Cette interpellation parlementaire a été l’occasion pour la ministre de l’Égalité des genres d’annoncer une série de mesures et de lois pour protéger les femmes contre les violences basées sur le genre. En fait, le gouvernement entend adopter une approche globale et ne pas se contenter de durcir quelques lois existantes.

Réprimer pénalement la violence, c’est bien mais ce n’est pas suffisant. Il faut également prévenir, trouver les moyens pour venir en aide aux victimes et assurer un suivi sur le terrain pour corriger les insuffisances du système. Le nouveau cadre institutionnel dont la ministre Aurore Perraud a esquissé les grandes lignes au Parlement mardi dernier tient compte de cette nécessité.

Les changements qui seront apportés aux textes de loi en vigueur sont significatifs.
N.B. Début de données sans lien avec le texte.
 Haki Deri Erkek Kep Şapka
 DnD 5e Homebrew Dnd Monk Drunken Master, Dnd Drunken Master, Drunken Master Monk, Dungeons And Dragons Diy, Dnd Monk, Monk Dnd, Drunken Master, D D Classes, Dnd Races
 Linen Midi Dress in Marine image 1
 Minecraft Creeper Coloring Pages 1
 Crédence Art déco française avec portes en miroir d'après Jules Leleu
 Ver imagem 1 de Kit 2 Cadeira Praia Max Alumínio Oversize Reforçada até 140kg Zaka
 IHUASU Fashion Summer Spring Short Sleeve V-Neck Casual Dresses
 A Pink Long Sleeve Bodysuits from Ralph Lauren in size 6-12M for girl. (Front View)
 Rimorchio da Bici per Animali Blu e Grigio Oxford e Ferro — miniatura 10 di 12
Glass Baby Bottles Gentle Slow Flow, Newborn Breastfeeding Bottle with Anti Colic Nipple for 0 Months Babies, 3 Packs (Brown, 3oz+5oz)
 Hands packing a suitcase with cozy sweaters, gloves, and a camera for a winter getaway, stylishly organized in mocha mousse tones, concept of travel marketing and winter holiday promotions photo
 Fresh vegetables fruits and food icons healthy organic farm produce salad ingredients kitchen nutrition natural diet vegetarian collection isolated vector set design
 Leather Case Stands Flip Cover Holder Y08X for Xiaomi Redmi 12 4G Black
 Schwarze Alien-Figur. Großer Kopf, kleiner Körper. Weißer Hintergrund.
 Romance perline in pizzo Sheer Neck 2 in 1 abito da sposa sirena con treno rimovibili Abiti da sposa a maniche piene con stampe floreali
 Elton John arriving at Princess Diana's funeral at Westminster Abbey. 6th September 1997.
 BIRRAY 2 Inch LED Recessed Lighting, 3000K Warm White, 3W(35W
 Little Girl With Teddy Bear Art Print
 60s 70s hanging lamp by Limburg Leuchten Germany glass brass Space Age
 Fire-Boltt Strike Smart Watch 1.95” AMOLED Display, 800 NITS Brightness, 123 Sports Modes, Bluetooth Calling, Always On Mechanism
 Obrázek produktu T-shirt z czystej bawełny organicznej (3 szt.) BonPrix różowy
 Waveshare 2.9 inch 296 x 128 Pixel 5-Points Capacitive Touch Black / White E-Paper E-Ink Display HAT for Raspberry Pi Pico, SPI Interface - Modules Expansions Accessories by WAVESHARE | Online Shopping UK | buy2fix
De nouveaux délits sont créés. Plusieurs innovations majeures sont attendues. Citons, entre autres, la nouvelle définition qui sera donnée au terme «violences». Elles ne seront pas seulement physiques mais également psychologiques. Ainsi, des pressions, des menaces ou tout autre agissement hostile constitueront des délits punissables sous le nouveau Protection from Domestic Violence Act. Souvent ces violences se traduisent par une dégradation de la santé physique ou mentale de la femme, sans que son conjoint soit passible de poursuites.

Les amendements au Code Pénal sont tout autant notables. Dans l’état actuel des lois, la notion de viol entre époux n’existe pas. Or, le viol conjugal sera reconnu comme un délit si les changements envisagés par la ministre sont adoptés par le Parlement. Ce qui permettra à la femme de faire valoir ses droits même dans la sphère privée. Un tel changement est fondamental. Des violences commises dans l’intimité ne bénéficieront plus d’immunité.

D’autres mesures progressistes sont envisagées. Il n’y aura pas de clémence pour les auteurs d’agressions ayant pour motif l’adultère. Les abus sexuels à l’égard des femmes en situation de handicap seront plus sévèrement réprimés. Ou encore, des témoignages filmés seront admissibles pour protéger des victimes qui ne veulent pas confronter leur agresseur.

Ces changements législatifs constitueront un réel progrès. Pour envoyer un signal fort à la société, ils doivent être accueillis par l’ensemble de la classe politique. Ici, personne n’osera imaginer que c’est une vendetta à l’égard de tel ou tel camp politique.